In the end, this exploit ended up working in 1-2 minutes on average and consistently worked in under 5 minutes on my machine. And I’m sure that this can be vastly improved since I’ve seen lots of speed ups from small changes and different techniques. For example, MLPDS seems to be even faster in practice than the variant I am using.

Exploit summary:

  1. Compromise the renderer.
  2. Run the RIDL exploit in $NUM_CPU-1 processes with varying cache line offsets.
  3. Create a fake WebRTC connection and alternate between connected and disconnected.
  4. Leak the NetworkService port name.
  5. Create a new NetworkContext with a cookie file at c:\path\to\user\autorun\cookies.bat
  6. Insert the cookie “\r\ncalc.exe\r\n”.
  7. Wait for the next log in.


When I started working on this I was surprised that it’s still exploitable even though the vulnerabilities have been public for a while. If you read guidance on the topic, they will usually talk about how these vulnerabilities have been mitigated if your OS is up to date with a note that you should disable hyper threading to protect yourself fully. The focus on mitigations certainly gave me a false sense that the vulnerabilities have been addressed and I think these articles could be more clear on the impact of leaving hyper threading enabled.

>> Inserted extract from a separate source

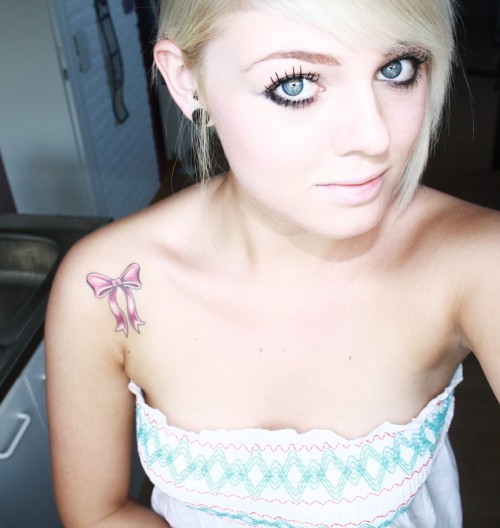 my new tattoo a pink bow :). my new tattoo. a pink bow :)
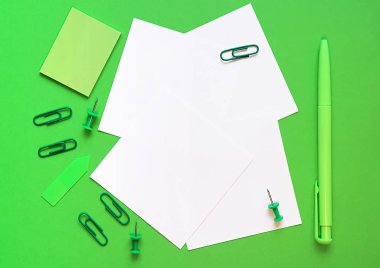 Yeşil arka plan üzerine kalem, kağıt ve kırtasiye. Yeşil tarzda. Sürdürülebilir iş kavramı. Düz yatıyordu, üstten bak. Metin için yer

That being said, I would like you to take away two things from this post. First, info leak bugs can be more than just an ASLR bypass. Even if it wasn’t for the reliance on secret port names, there would be other interesting data to leak, e.g. Chrome’s UnguessableTokens, Gmail cookies or sensitive data in other processes on the machine. If you have an idea how to find info leaks at scale, Chrome might be a good target.

Second, I ignored hardware vulnerabilities for the longest time since they are way out of my comfort zone. However, I hope that I can give you another data point on their impact with this blog post to help you make a decision if you should disable hyper-threading. There’s lots of room for exploration on what other software can be broken in similar ways and I would love to see more examples of applying hardware bugs to break software security boundaries.